Abstract

Optical Coherence Tomography (OCT) is a commonly used retina imaging technique, and it is capable of revealing the morphology of the choroid. However, the segmentation and quantitative analysis of the sublayers and vessels in choroid are rarely explored, primarily due to the indistinct boundaries of choroidal sublayers, and imbalanced distribution of vessels observed in OCT imagery. In this paper, we propose a novel two-stage architecture called Choroidal Layer Analysis network (CLA), that may be considered the first attempt in this research community for joint segmentation of choroidal sublayers and choroidal vessels in OCT images. CLA employs the encoder–decoder network with the residual U-shape module as the backbone. In order to empower the ability of the segmentation model to identify the inconspicuous boundaries of choroidal sublayers, we introduce an Ambiguous Boundary Attention block (ABA) into the bottleneck of the encoder–decoder network in the first stage. For more accurate segmentation of large choroidal vessels with ambiguous contours and imbalanced spatial distribution, the second stage introduces an active contour-based loss to refine the contours of choroidal vessels simultaneously with precise identification of each vessel via contextual modeling. To train, test and validate the proposed model, we conducted a choroidal segmentation dataset containing 800 OCT images, with their sublayers and large choroidal vessels manually annotated.
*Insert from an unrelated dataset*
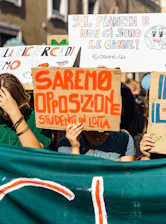 A vibrant community gathering in Livorno with banners showing support for Livorno Civica.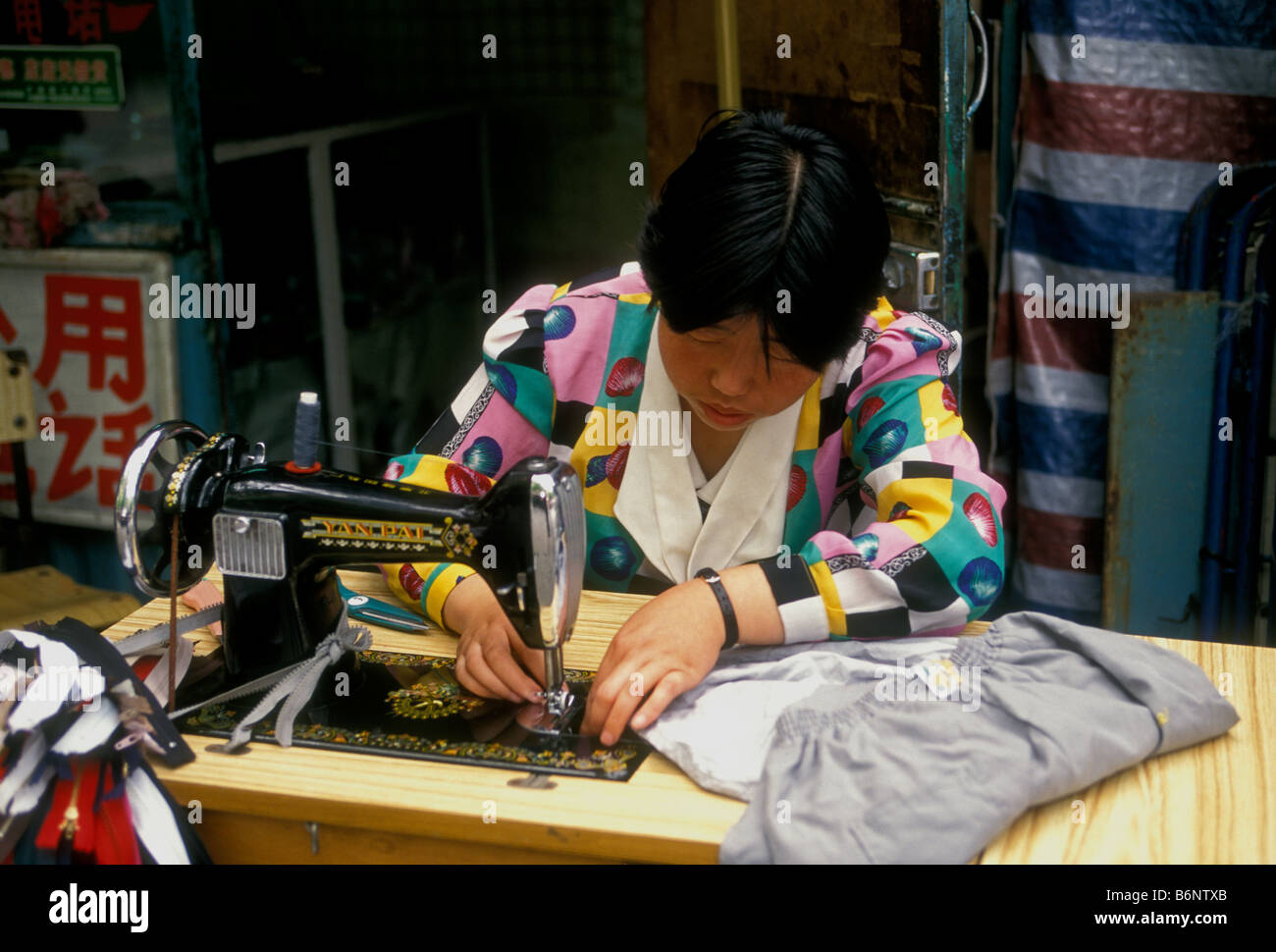 Donna cinese la cucitura con la macchina da cucire, sarta al lavoro della città di Pechino, la Municipalità di Pechino, Cina Foto Stock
Experimental results demonstrate the superiority of the proposed approach compared with other state-of-the-art segmentation networks in large margins. It is worth noting that we also reconstructed the large choroidal vessels in three-dimensional (3D) based on the segmentation results, and multiple 3D morphological parameters were calculated. The statistical analysis of these parameters demonstrates significant differences between the healthy control and high myopia group, and this further confirms the proposed work may facilitate subsequent disease understanding and clinical decision-making.